Multiple fan failure alert with system making noise
Applies to
- AFF and FAS systems
- ONTAP 9
- Disk Shelves
Issue
- The following alerts are reported in the event logs frequently from both nodes:
[Node-01: statd: monitor.shelf.fault:debug]: Critical fault reported on disk storage shelf attached to channel 0a. Check fans, power supplies, disks, and temperature sensors.
[Node-01: statd: monitor.fan.failed:debug]: Multiple fans has failed.

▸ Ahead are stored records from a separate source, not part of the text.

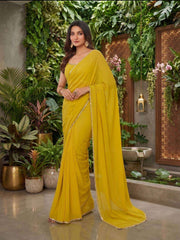 Yellow Mirror Work Poly Georgette Saree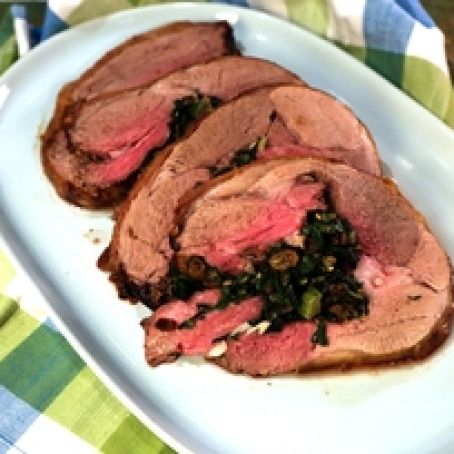 Rolled Leg of Lamb with Swiss Chard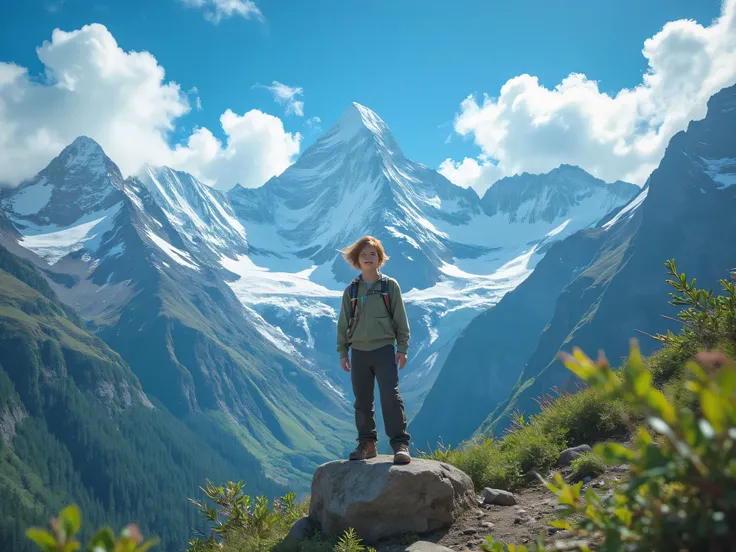 boy at the top of a mountain on a bright sunny day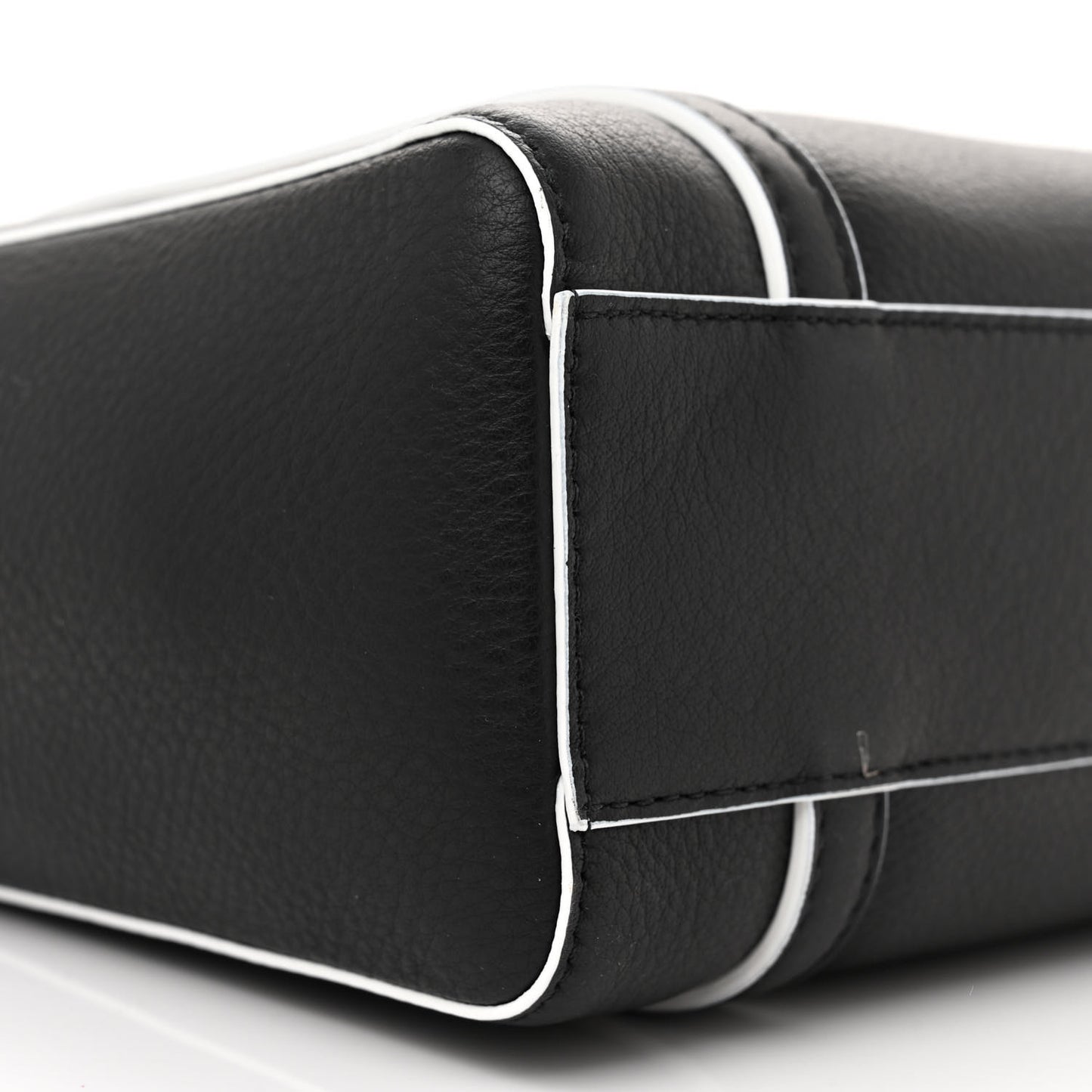 Smooth Calfskin Logo Double Sided XXS Everyday Tote Black White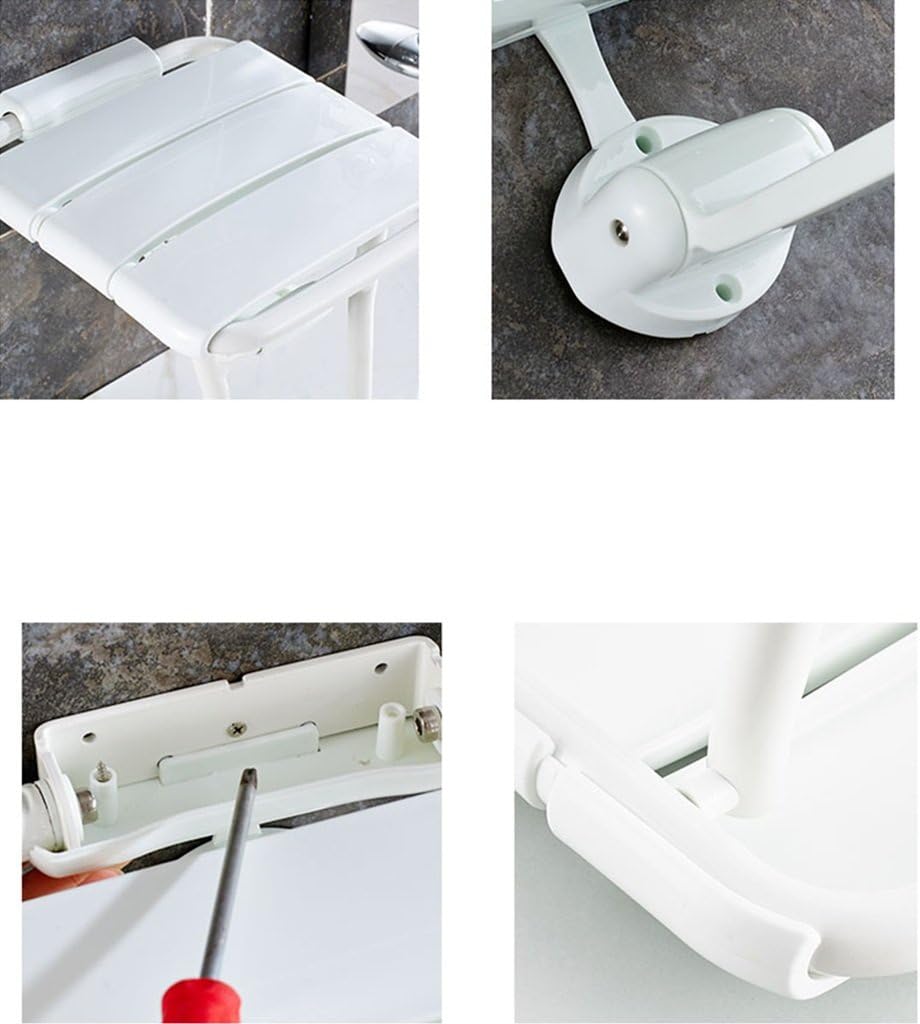 Tabourets Pliables de Douche de Mur Tabouret de siège de Mur d'ABS Tabouret Pliant pour des Personnes âgées/handicapées Tabouret de siège antidérapant - 4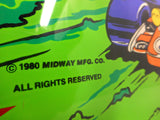 Original 1980 Plexiglas Arcade Game Machine Marquee, Rally-X Game by Midway Manufacturing Co, 23 X 9 in, Formula 1 One Race Car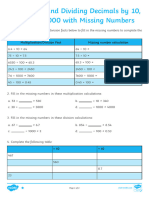 t2 M 4837 Multiplying and Dividing Decimals by 10 100 Amp 1000 With Missing Numbers Activity Sheet Ver 5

[Node-01: env_mgr: monitor.fan.warning:debug]: multiple fans have failed. Replace it to avoid overheating
[Node-01: env_mgr: callhome.c.fan.fru.fault:debug]: Call home for CHASSIS FAN FRU FAILED: Multiple fans have failed
- The output of
storage show fault
reveals that one of the power supplies is not being detected:
::> system node run -node * -command storage show fault
Enclosure Status: unrecoverable
Channel: 0a
Shelf: 0
Shelf Type: DS224-12
Product Serial Number: 952240001855
Module Type: IOM12E
Power Supplies:
Element Status Status Bytes Status Descriptions
1: OK 01,00,00,20 RQSTED ON
2: NOT INSTALLED 05,00,00,20
Fans:
Element Status Status Bytes Status Descriptions
1: OK 01,02,EC,26
2: OK 01,02,EC,26
3: NOT INSTALLED 05,00,00,20
4: NOT INSTALLED 05,00,00,20
Input Power Monitor:
Element Status Status Bytes Status Descriptions
1: OK 01,00,29,07
2: NOT INSTALLED 05,00,00,00
Power Crest Factor:
Element Status Status Bytes Status Descriptions
1: OK 01,00,29,07
2: NOT INSTALLED 05,00,00,00
- The SP sensors are unable to report the readings even after PSU replacement:
Sensor Name State Current Critical Warning Warning Critical
Reading Low Low High High
-------------------------------------------------------------------------------------------------
SNMP Bad Fan Count MULTI_FAILED
Chassis is Under Temp NO
Chassis is Over Temp NO
PSU2 Bad invalid --
PSU1 Bad FALSE
PSU2 invalid --
PSU1 GOOD
PSU2 ON ON
PSU1 ON ON
PSU1 INFO FRU_AVAIL
PSU1 INFO FRU_AVAIL
PSU1 FRU GOOD
PSU2 FRU MULTIFAULT
Partner Status A_SIDE_PRESENT
PSU1 Present PRESENT
PSU2 Present not_available --
PSU2 5V not_available -- mV -- -- -- --
PSU2 12V not_available -- mV -- -- -- --
PSU2 5V Curr not_available -- mA -- -- -- --
PSU2 12V Curr not_available -- mA -- -- -- --
PSU2 Fan 1 not_available -- RPM -- -- -- --
PSU2 Fan 2 not_available -- RPM -- -- -- --
PSU2 Inlet Temp not_available -- C 0 C 5 C 57 C 62 C
PSU2 Hotspot Temp not_available -- C 0 C 5 C 90 C 100 C
PSU_FAN FAIL_2
- As one PSU fan is not detected, the other PSU fans start spinning faster, making noise.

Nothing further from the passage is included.